Posted by You deserve this!
a resident of Another Palo Alto neighborhood
on Aug 27, 2013 at 6:28 pm

PAUSD is not operating anywhere near a level of excellence, which says something about Palo Altans. We are not as special as we would like to think and this is the quality of superintendent, asst. superintendent, special ed staff, and board that we deserve. I invite the district cheerleaders to begin their schtick.


Posted by Bob
a resident of Another Palo Alto neighborhood
on Aug 27, 2013 at 6:46 pm

> Gone is any mention of improving A-G attainment and reducing
> the number of Ds and Fs for historically underserved youth

It's long past time we Palo Altans stop describing underperforming students as underserved. The schools are open the same number of hours per day for these students, as the other students. There is no evidence of PAUSD teachers putting tags on certain students, and not answering their questions, or providing the necessary in-class help that teachers provide other students.

Education requires work, and educational attainment must be earned--it can not be wrapped up in brightly wrapped packagess, and served up on a silver platter.

[Portion removed.]


Posted by You deserve this!
a resident of Another Palo Alto neighborhood
on Aug 27, 2013 at 6:51 pm

And thank you to our new PR person, who has finally fixed the August 13 press release (its led, not lead). It proves someone is reading paloaltoonline.com. Is that what you are being paid $150,000 for? You have not shown that you are worth it. That money could have paid for two teachers to focus on underperforming students who are not excelling in the PAUSD system. What's worth more? This PR person or two teachers. Let Skelly read paloaltoonline.com on his own time. Not the best district by any metric.


Posted by hot type
a resident of Another Palo Alto neighborhood
on Aug 27, 2013 at 9:02 pm

@you deserve: It's "lede" not "led," as it was when I worked on the copy desk of "The Wall Street Journal" in the 1950s.


Posted by You deserve this!
a resident of Another Palo Alto neighborhood
on Aug 27, 2013 at 9:59 pm

The part that I wrote about not being as special as you thought, well, your reference to your work on the WSJ is what I was referring to. Also, I wasn't referring to the lede or lead paragraph. Don't waste your time trying to figure out your error. Focus more on working together to throw these bums out. They are truly that bad.


Posted by Sue
a resident of Barron Park
on Aug 27, 2013 at 10:40 pm

There aren't "underserved" youth but there are certainly underperforming students. Define "underserved" please. Does this refer to average middle-of-the-road kids who aren't genius (or genii)? Or to the socially inept? Those from households not in top income brackets? Maybe kids who'd rather learn carpentry than trig? Kids testing at "below average" learning ability?
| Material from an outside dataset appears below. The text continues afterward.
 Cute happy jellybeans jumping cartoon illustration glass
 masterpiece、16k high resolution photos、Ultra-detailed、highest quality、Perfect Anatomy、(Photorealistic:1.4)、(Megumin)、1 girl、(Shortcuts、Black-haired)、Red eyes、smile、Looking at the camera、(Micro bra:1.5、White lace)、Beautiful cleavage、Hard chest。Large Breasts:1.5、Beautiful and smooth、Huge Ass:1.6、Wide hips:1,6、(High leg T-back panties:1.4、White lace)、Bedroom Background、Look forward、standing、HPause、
It's beyond the capacity or purpose of schools to equalize all factors & produce uniform results in all students. Parents have responsibility to see that their students show up for class, do assigned work, and follow basic rules for appropriate classroom & campus behavior.

It's also a mistake for parents to insist on their kids being placed in courses which, based on previous grades & test scores, are likely to be above the capacity of their students. Are the kids who are trying unsuccessfully to compete above their abilities
considered "underserved" if they aren't successful?


Posted by Catalan
a resident of Old Palo Alto
on Aug 28, 2013 at 7:17 am

The school board's priorities are to identify a problem, then drop it forever. Certainly take no action or responsibility.

This is the worst school board ever, and I have lived in Palo Alto most of my life!


Posted by Paly Parent
a resident of Old Palo Alto
on Aug 28, 2013 at 1:17 pm

It is amusing when people post "dysfunctional" when they really mean "won't accept my policies." Perhaps the School Board is very effective, just implementing a different policy from yours?


Posted by Brownie
a resident of Charleston Gardens
on Aug 28, 2013 at 5:32 pm

The school board is doing a heckuva job.